Long a suspect in father-of-four Jared Bridegan’s brutal Jacksonville Beach slaying, Shanna Gardner-Fernandez was collared after a grand jury handed down a first-degree murder indictment Thursday morning.
“Shanna Gardner’s indictment acknowledges her central and key role in the cold, calculated and premeditated murder of Jared Bridegan,” State Attorney Melissa Nelson said at a press conference after her arrest.
Apprehended at her home, Gardner-Fernandez will be extradited to Duval County and also face conspiracy, solicitation and child abuse charges.
Prosecutors confirmed that they plan to see the death penalty in the case.
(Excerpt) Read more at nypost.com ...
Are Mormons supposed to have sleeve tats?

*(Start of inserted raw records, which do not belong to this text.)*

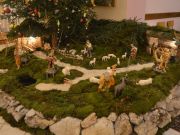 Ponocka Rakovica 2015-12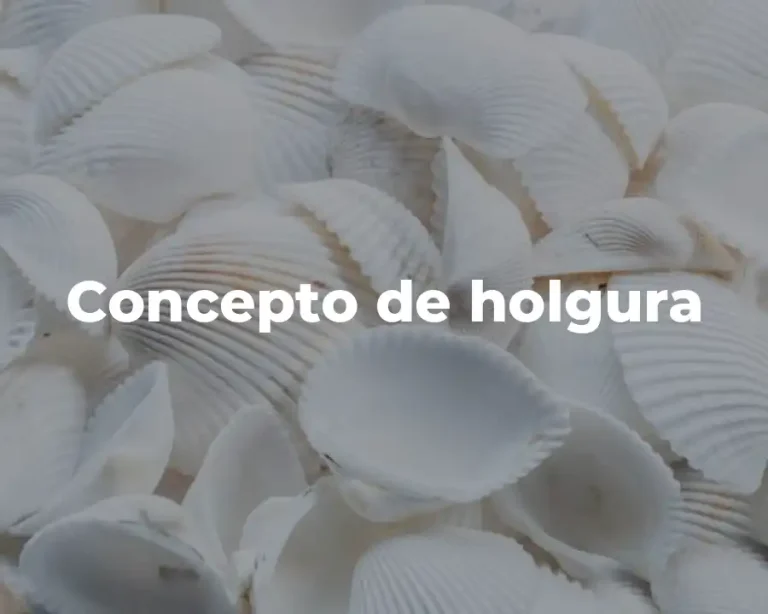 Concepto de holgura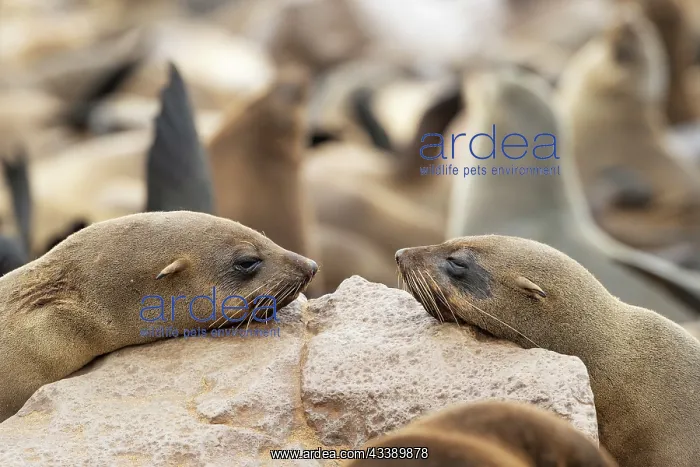 : Africa, Namibia, Dorob National Park, Skeleton Coast, Cape : Africa, Namibia, Dorob National Park, Skeleton Coast, Cape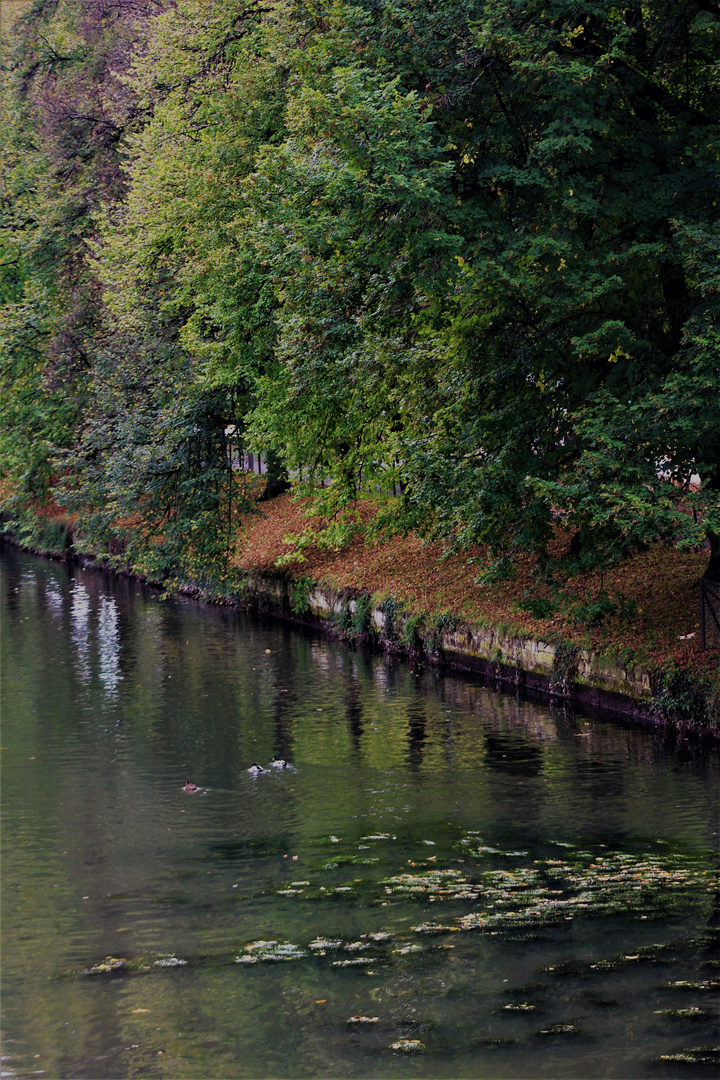 Herbst am  Neckar Ufer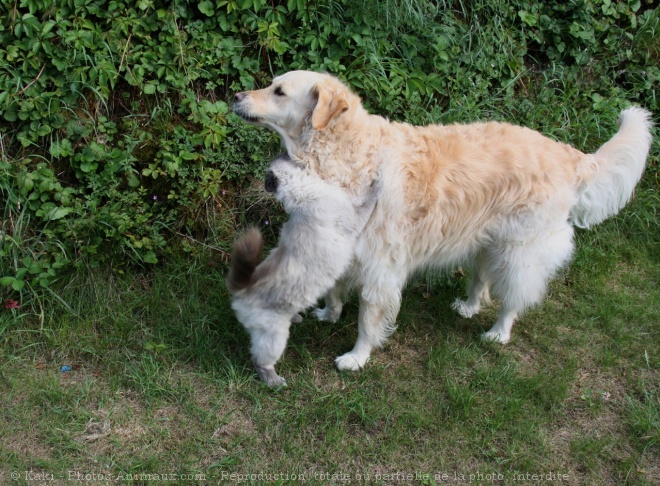 Photo de Golden retriever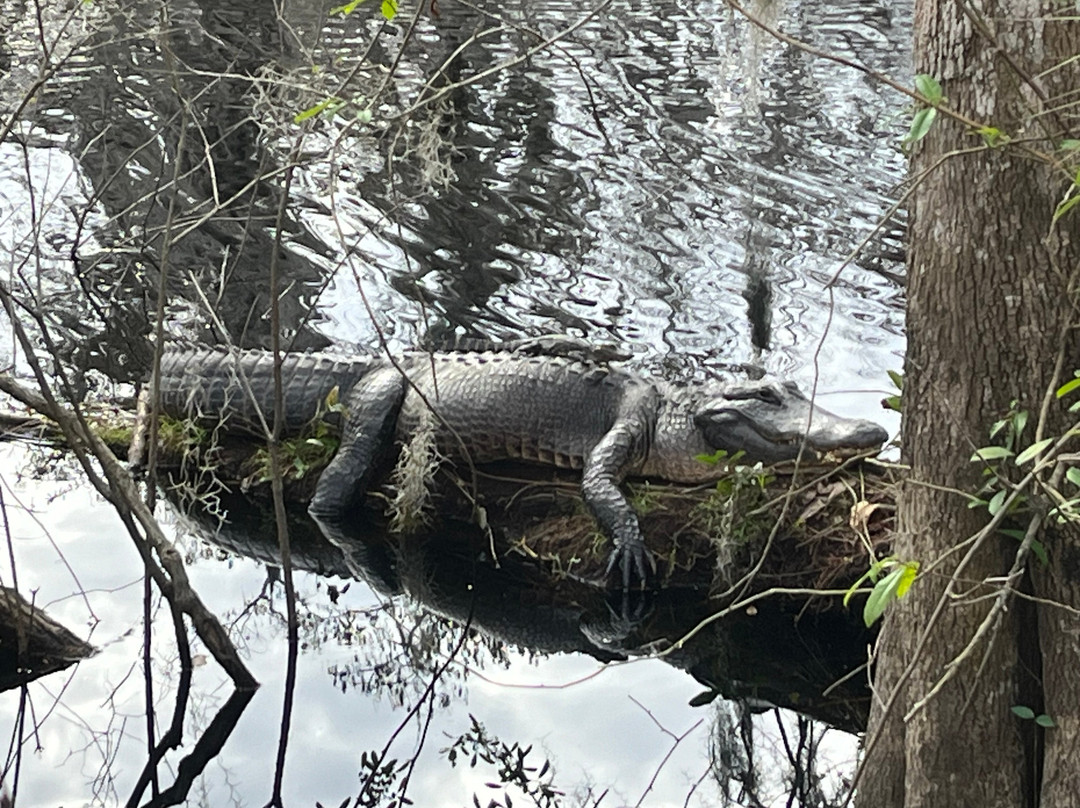 Osceola Schools Environmental Study Center-基西米必去景点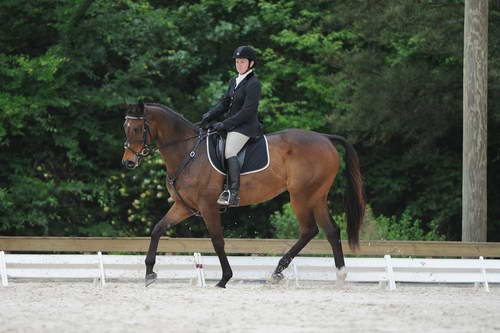 So8ths-5-4-12-Dressage-0651-GwenKriskie-Barney-DDeRosaPhoto - Copy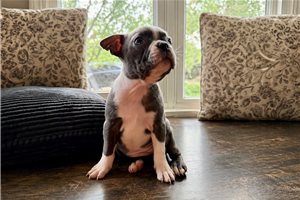 Maggie - Boston Terrier for sale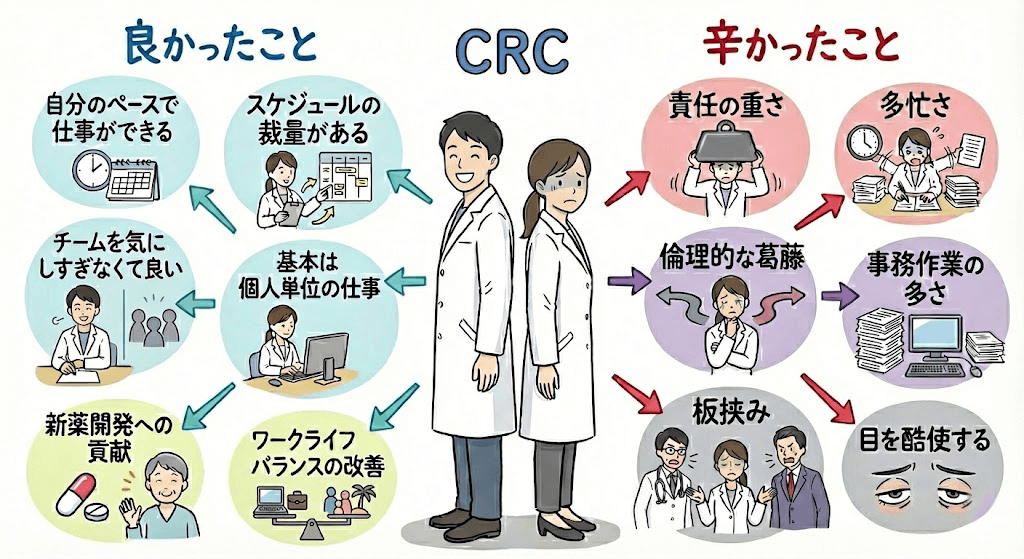 イラスト・図解画像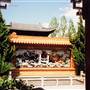 Chinese Garden of Friendship - Darling Harbour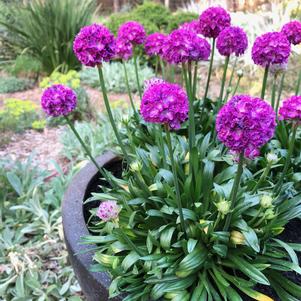 Armeria 'Dreameria® Vivid Dreams'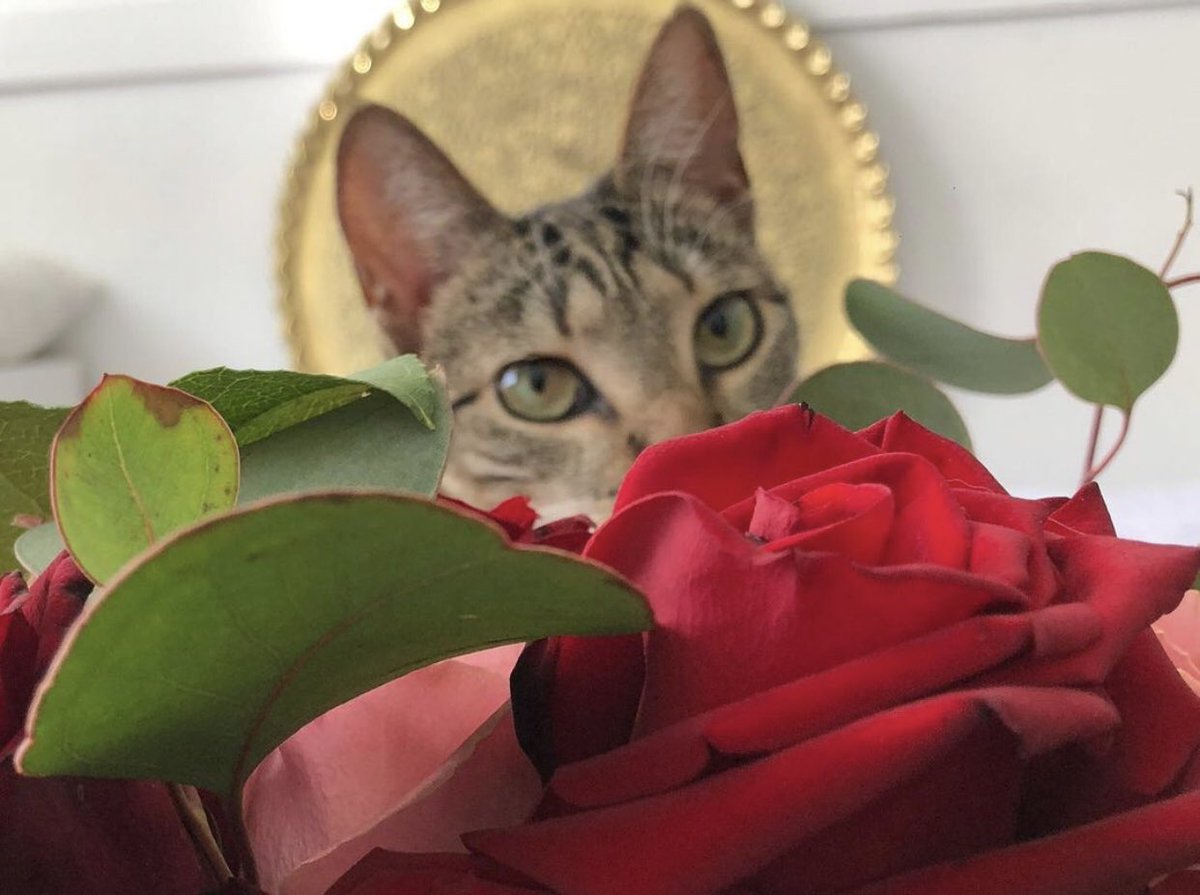 bellaolson_'s tweet image. Ava🥺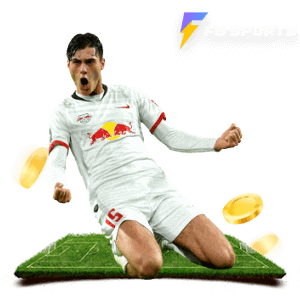 FB SPORTS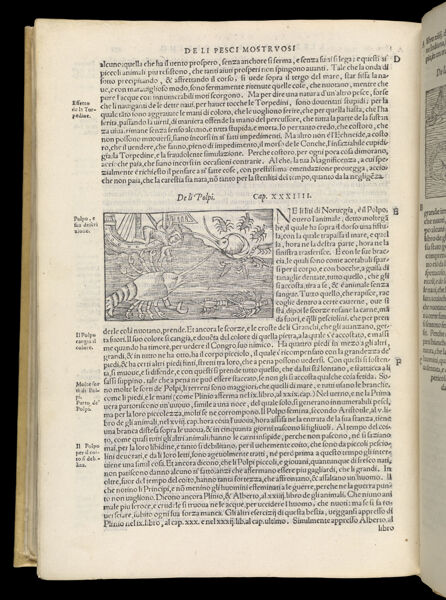 Text Page 590 (illustration and text)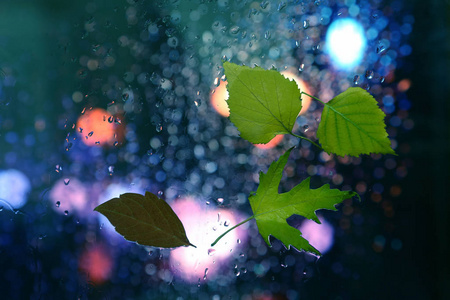 雨天背景下潮湿的窗户上的秋叶图片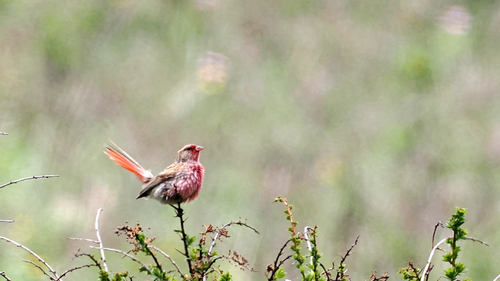 Przevalski's Finch (Urocynchramus pylzowi), photo 2
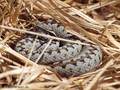 Kreuzotter (Vipera berus), Männchen - DE (SH)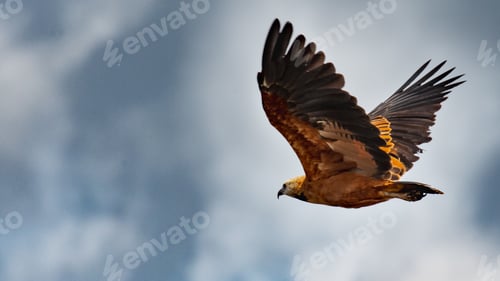 Preview: Closeup shot of a flying golden eagle with the background of the cloudy sky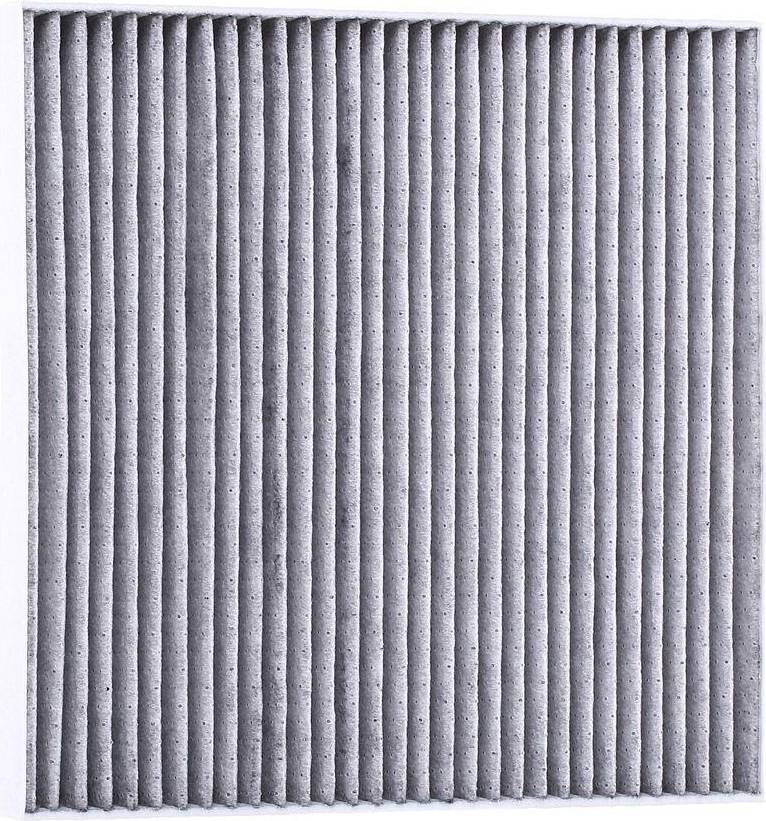 Bosch Cabin Filter R2499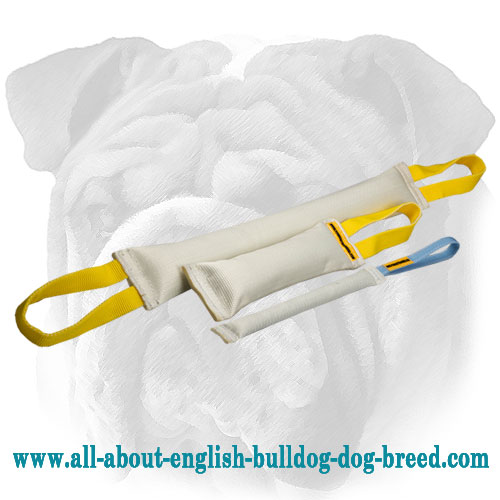 Fire Hose Bite Tugs Training Set for English Bulldog Puppy Training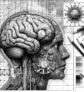 ai-brain-neural-network-3d-model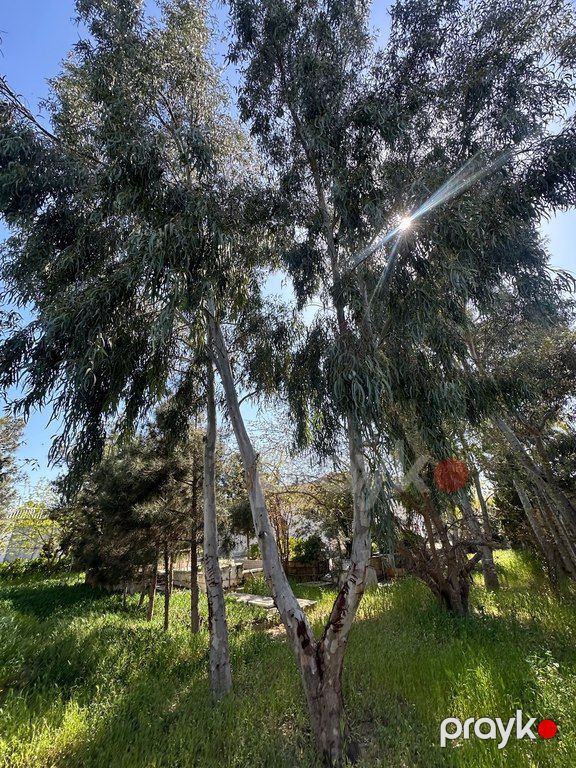 11 sot torpaq sahəsi, Şüvəlan qəs — Torpaq, Bakı (6)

I’m pretty sure orchestrating murder is also not allowed…
The tats paint a picture of drug abuse and instability. If only he had realized that from the get go.
Criminals is so stupid. These fools thought they could get away with this without being Hilary Clinton.
She looks like a lot of fun.
Confusing title. Typical skill of modern journalists
She looks sweet. (Do I really need a sarcasm tag?)
Shouldn’t that be “ Tippeecanoe and sleeve tattoo too?”
The article didn’t say she worked at Dollar General
Mormons are supposed to be wonderful people. But like every other religion on earth, there are some who play by the rules, and some are there to play on the trust of others.
Microshot
Certainly not the sharpest tools in the shed.
Oh my. How lovely.
More red flags than a Chinese parade.
I thought about that, but it didn't have the correct cadence.
Your suggestion reminds me of the final scene in The Thin Man with the "too too" running joke, but unless you've seen it you'll have to trust me, since there is no free link to the scene.
Only thing to make it worse, booze, Newport Box, and a half black kid.
No matter how hot, run from any chick with sleeve tarts or nose piercings.
Fire will be involved otherwise…
Prestigious.
Can’t remember the name of the woman who had this in her standup comedy routine:
“I once had a job at Wal-Mart. It didn’t just happen. I had to dream it first.”
>>She looks like a lot of fun.
Lol. Fun as a deli black widow on rye.